Search code examples
tensorflow-federated

Does Tensorflow Federated Support Reinforcement Learning


I am trying to train a deep reinforcement learning model in a federated learning scenario. Does Tensorflow Federated (TFF) support reinforcement learning (RL) as an ML model? I understand that Federated Learning is mostly discussed for supervised learning, and I was curious if reinforcement learning could be used in TFF as well.

If so, which library would you recommend to use RL in TFF?


Solution

  • The short answer is yes, TFF can support reinforcement learning at the level of the Federated Core API; note that RL is not currently implemented in tff.learning (though we would welcome such a contribution). From the machine learning point of view, you can think of TFF as a communication layer on top of TF, and anything that TF supports TFF can support.

    I will try to hit on a few key features of the long answer:

    First, federated reinforcement learning is very much an open research question. Given the difficulty in training RL models in general, the FL community I think would be excited to see agents trained in the federated setting reproduce even the classical RL results, and we would be very excited to see such a thing implemented in TFF.

    Second, TFF in general supports any TensorFlow-based iterative learning process, in particular gradient-based learning. One could imagine many possible ways of modeling RL in the federated setting; TFF supports passing around any kind of update, so the sky is the limit in terms of what instantiation of federated RL TFF can support.

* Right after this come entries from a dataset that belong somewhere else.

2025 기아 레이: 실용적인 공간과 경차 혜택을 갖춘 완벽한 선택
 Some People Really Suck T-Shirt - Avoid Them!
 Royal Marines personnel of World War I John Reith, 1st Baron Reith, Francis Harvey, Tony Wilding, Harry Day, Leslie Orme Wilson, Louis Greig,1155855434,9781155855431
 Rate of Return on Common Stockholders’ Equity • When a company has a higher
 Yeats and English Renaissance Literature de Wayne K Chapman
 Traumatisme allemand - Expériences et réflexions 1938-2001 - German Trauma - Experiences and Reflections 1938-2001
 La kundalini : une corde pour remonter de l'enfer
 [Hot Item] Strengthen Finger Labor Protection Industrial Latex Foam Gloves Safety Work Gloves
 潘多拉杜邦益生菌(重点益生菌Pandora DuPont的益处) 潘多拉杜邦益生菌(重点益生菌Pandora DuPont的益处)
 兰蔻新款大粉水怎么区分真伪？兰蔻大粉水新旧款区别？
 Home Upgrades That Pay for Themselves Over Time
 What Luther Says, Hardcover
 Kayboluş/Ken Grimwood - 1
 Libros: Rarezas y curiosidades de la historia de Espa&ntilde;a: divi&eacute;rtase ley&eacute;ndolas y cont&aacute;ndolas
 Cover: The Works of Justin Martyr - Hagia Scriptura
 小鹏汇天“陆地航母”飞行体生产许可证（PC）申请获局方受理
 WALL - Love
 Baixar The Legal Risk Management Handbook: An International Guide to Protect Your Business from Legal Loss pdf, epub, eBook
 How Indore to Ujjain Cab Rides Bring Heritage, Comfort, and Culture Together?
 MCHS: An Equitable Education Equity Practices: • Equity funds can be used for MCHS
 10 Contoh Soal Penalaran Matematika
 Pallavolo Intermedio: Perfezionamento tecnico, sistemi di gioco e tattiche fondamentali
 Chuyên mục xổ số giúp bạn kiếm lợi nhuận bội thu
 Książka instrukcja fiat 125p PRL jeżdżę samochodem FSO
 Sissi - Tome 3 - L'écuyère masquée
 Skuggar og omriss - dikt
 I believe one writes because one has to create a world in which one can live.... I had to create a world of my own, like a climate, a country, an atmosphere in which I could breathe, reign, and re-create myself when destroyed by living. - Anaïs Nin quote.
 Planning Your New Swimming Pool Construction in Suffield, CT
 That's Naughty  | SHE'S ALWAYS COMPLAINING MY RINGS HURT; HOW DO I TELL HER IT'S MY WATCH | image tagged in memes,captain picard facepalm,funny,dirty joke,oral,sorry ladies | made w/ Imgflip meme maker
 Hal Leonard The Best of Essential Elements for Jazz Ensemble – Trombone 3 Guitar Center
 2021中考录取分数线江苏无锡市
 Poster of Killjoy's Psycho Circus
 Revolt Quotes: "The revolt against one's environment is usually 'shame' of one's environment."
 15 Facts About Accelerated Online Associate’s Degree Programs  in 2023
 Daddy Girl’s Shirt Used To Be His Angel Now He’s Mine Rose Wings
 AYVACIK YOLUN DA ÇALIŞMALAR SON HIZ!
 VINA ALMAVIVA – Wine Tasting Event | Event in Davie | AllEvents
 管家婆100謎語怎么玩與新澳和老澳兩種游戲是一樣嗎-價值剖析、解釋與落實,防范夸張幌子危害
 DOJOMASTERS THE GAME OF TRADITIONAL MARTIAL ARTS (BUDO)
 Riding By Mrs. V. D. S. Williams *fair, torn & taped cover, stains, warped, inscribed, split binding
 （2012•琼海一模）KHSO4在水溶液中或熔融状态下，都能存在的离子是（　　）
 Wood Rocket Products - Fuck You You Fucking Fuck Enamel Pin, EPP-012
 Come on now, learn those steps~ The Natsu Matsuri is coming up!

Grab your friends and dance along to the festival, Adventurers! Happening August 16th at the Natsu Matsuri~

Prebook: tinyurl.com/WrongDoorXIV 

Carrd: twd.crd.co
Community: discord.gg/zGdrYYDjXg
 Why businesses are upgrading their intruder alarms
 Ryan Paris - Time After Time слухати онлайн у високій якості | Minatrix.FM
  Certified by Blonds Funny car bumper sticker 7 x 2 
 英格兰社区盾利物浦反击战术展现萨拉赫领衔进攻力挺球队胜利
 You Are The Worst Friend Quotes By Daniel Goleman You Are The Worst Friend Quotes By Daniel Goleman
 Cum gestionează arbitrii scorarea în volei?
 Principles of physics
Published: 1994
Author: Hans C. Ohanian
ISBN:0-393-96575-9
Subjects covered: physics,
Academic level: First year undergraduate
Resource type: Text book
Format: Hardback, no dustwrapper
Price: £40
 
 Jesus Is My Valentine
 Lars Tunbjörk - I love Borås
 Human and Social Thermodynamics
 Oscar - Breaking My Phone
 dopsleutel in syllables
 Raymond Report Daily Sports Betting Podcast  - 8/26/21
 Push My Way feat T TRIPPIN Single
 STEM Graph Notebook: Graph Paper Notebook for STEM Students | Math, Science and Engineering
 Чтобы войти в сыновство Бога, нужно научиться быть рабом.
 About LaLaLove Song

    Finally, I think perhaps the place to start in implementing RL in TFF is simply implementing RL in vanilla TensorFlow in a modular way. Any communication that has to happen in your chosen federated model of RL will have to be written between TensorFlow, in TFF. If you implement e.g. your actor and your critic modularly with tf.function, it should be relatively simple to implement the communication you need inside a @tff.federated_computation decorator. For advice on mixing TF and TFF code, see this post by TFF’s lead author.